Ce constat est à relier avec le sentiment exprimé par 18 % des répondants, qui ont considéré qu'un trop grand nombre d'interlocuteurs intervenait pour accompagner les élus locaux dans l'application de l'état d'urgence sanitaire. La pluralité d'interlocuteurs et les informations qu'ils adressent aux élus locaux peuvent être vus comme l'une des causes de de la discordance des directives de la part de l'État.
Quelles difficultés essentielles souhaiteriez-vous porter à la connaissance du Gouvernement dans le domaine de la gestion de l'urgence sanitaire, des priorités et des moyens 4 ( * ) ?

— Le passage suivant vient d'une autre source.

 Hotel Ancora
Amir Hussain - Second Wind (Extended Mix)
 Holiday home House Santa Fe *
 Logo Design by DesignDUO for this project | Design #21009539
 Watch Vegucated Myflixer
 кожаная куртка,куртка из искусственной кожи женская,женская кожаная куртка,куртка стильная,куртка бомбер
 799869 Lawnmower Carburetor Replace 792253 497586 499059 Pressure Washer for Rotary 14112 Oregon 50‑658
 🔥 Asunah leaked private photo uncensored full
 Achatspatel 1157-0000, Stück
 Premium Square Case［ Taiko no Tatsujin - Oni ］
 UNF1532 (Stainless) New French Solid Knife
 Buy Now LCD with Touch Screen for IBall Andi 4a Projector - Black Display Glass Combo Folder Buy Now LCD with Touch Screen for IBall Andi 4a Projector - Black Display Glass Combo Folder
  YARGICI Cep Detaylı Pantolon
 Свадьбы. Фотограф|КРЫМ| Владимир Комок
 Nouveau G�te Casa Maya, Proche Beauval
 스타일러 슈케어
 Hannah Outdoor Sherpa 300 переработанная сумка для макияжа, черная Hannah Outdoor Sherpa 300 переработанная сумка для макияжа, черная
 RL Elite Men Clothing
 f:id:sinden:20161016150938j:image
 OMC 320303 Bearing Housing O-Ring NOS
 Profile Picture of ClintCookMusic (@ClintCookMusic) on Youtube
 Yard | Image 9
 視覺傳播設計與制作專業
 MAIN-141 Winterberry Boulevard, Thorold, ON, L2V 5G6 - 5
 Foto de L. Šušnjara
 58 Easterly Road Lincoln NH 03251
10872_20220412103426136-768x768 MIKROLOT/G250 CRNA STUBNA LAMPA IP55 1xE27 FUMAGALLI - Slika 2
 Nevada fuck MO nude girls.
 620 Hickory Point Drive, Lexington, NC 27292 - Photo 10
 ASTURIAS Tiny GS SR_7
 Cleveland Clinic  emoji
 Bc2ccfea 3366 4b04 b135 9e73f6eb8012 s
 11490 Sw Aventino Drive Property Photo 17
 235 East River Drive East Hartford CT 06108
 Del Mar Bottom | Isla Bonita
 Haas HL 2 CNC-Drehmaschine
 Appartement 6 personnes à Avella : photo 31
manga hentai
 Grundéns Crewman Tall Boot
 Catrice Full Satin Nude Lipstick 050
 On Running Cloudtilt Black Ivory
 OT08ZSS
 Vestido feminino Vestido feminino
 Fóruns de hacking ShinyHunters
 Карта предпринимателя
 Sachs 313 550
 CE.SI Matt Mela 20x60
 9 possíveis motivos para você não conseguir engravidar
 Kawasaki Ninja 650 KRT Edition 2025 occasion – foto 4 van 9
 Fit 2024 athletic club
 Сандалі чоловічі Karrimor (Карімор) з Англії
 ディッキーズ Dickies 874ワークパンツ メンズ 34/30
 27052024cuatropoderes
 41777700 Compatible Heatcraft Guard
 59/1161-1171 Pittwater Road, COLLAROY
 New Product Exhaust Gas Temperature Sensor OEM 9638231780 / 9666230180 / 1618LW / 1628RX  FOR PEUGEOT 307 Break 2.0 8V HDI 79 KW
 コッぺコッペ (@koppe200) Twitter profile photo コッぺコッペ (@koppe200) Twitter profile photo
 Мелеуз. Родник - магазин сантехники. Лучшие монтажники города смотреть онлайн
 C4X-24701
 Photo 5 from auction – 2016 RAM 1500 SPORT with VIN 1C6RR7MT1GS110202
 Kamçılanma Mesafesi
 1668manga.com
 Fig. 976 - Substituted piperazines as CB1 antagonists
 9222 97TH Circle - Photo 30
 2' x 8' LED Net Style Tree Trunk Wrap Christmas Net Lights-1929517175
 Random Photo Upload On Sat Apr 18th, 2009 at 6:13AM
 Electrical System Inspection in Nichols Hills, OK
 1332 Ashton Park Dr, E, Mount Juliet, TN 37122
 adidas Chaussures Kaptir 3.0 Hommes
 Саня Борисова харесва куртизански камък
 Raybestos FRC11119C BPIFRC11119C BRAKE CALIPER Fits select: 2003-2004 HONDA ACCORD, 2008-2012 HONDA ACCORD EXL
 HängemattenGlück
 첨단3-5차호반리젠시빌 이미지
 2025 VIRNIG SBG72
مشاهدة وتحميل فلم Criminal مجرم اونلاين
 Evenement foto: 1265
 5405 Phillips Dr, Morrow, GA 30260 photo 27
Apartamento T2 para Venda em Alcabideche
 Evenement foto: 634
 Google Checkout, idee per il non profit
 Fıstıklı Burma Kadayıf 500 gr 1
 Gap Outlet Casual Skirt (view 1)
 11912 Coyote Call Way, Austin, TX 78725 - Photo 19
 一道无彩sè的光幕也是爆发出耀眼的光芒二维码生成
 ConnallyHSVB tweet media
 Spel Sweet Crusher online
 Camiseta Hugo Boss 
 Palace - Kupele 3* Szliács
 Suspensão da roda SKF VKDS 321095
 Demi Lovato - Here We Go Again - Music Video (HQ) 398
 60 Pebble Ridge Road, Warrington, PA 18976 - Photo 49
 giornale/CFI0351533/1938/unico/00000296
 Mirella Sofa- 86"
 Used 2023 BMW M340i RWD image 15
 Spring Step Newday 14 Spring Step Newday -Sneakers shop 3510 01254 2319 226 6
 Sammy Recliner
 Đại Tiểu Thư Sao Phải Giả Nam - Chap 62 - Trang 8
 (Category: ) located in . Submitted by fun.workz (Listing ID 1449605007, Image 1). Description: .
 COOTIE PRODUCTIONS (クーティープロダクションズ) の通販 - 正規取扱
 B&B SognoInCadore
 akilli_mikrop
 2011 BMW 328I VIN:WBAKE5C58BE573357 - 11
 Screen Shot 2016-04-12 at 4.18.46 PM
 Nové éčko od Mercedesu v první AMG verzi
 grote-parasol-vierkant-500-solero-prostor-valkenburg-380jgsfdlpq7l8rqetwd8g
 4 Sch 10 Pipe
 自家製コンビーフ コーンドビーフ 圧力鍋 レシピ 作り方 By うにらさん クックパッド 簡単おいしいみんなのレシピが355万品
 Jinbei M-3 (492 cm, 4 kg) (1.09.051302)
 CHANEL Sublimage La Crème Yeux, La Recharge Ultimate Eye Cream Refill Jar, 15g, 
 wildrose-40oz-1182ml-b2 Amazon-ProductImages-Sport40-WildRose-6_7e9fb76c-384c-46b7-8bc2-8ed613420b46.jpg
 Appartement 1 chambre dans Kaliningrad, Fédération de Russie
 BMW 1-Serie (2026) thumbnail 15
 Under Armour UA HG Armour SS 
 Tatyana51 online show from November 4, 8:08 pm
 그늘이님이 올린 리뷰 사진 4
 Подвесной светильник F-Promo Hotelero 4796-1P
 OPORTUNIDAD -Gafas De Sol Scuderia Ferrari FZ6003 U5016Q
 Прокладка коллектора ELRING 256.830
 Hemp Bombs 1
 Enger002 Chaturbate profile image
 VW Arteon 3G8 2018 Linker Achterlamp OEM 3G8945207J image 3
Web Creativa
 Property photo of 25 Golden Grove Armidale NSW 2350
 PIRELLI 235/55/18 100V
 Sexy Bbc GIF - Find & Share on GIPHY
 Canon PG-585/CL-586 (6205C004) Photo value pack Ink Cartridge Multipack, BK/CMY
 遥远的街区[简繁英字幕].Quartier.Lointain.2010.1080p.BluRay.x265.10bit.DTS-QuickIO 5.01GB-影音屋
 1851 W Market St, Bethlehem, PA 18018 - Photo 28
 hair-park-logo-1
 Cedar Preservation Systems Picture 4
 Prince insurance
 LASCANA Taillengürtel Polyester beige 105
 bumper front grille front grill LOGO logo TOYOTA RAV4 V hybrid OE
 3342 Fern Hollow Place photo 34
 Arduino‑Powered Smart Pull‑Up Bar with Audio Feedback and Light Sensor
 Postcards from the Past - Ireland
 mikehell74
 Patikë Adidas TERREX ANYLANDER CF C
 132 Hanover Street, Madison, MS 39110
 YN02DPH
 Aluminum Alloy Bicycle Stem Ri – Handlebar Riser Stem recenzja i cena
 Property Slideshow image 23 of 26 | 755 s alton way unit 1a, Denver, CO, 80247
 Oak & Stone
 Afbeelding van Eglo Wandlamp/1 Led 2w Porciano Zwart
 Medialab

Source : Délégation aux collectivités territoriales du Sénat
Ces nombreuses communications électroniques n'ont par ailleurs pas permis de rompre avec l'abandon ressenti par certains élus locaux : « À part les innombrables mails, le sentiment de solitude est là » , dit le maire d'une commune de moins de 1 000 habitants de la Sarthe.
« Il est assez désagréable de se sentir isolé, voire abandonné, dans son coin à gérer au mieux la crise... »
Maire d'une commune de moins de 1 000 habitants du Haut-Rhin
Spontanément, 6 % des élus locaux évoquent ce sentiment d'abandon comme l'une des difficultés essentielles de cette période dans les rapports avec les services de l'État. À plusieurs reprises, ce sentiment d'abandon a été conjugué avec l'impression de décisions prises « depuis Paris » qui ne collaient pas aux réalités locales (5 %), en mettant en avant les singularités de leur territoire, en particulier dans les plus petites communes.
« Les mesures de confinement adoptées à l'échelon national ne font pas de distinction entre les villes de 100 000 habitants et nos petites communes rurales, ce qui est parfois difficiles à comprendre pour nos habitants. »
Maire d'une commune de moins de 10 000 habitants du Jura
* 4 Seules les réponses dont l'occurrence est supérieure à 5 % ont été reproduites.